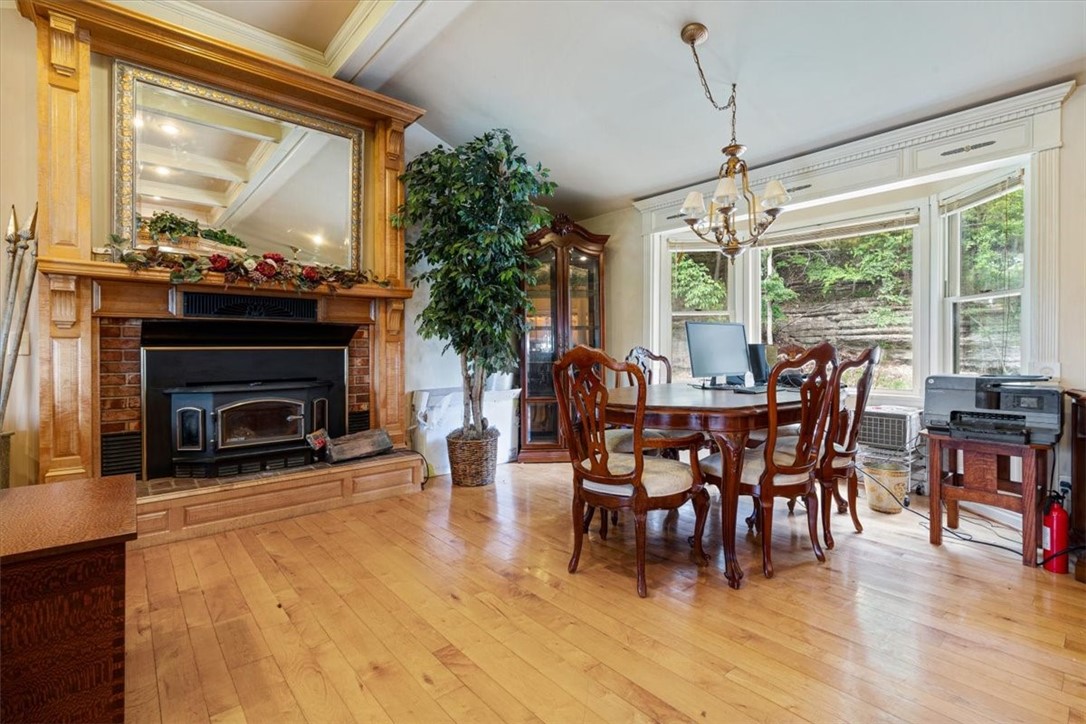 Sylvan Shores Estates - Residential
* * *
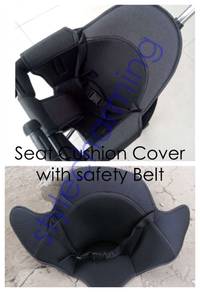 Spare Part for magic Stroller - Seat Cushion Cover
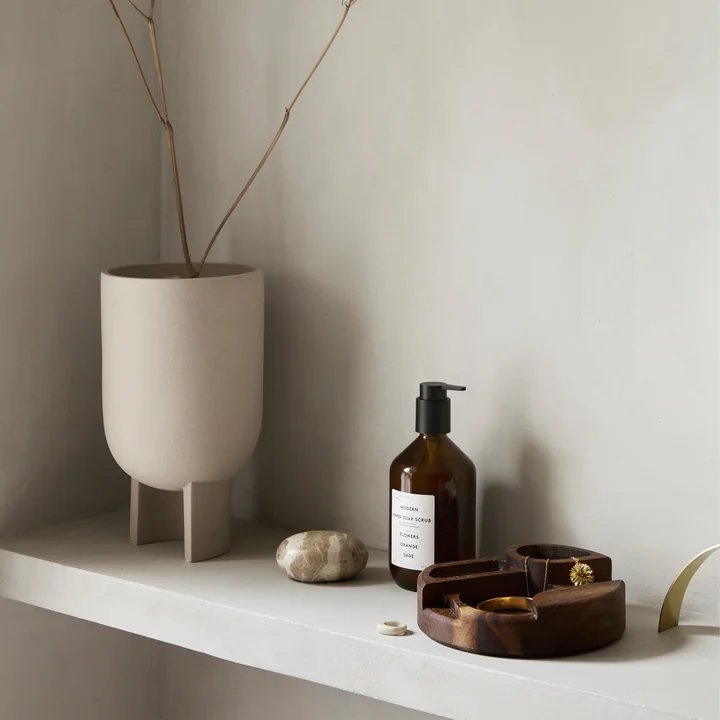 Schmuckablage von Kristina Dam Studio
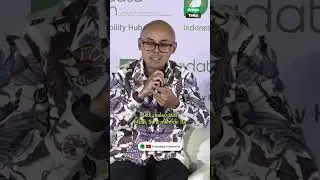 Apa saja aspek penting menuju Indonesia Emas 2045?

Task
Only one part of the listing is wanted: the lines from the one containing "Schmuckablage von Kristina Dam Studio" through the one containing "Apa saja aspek", both included. Please transcribe it exactly, leaving out the pictures.

Response
 Schmuckablage von Kristina Dam Studio
 Apa saja aspek penting menuju Indonesia Emas 2045?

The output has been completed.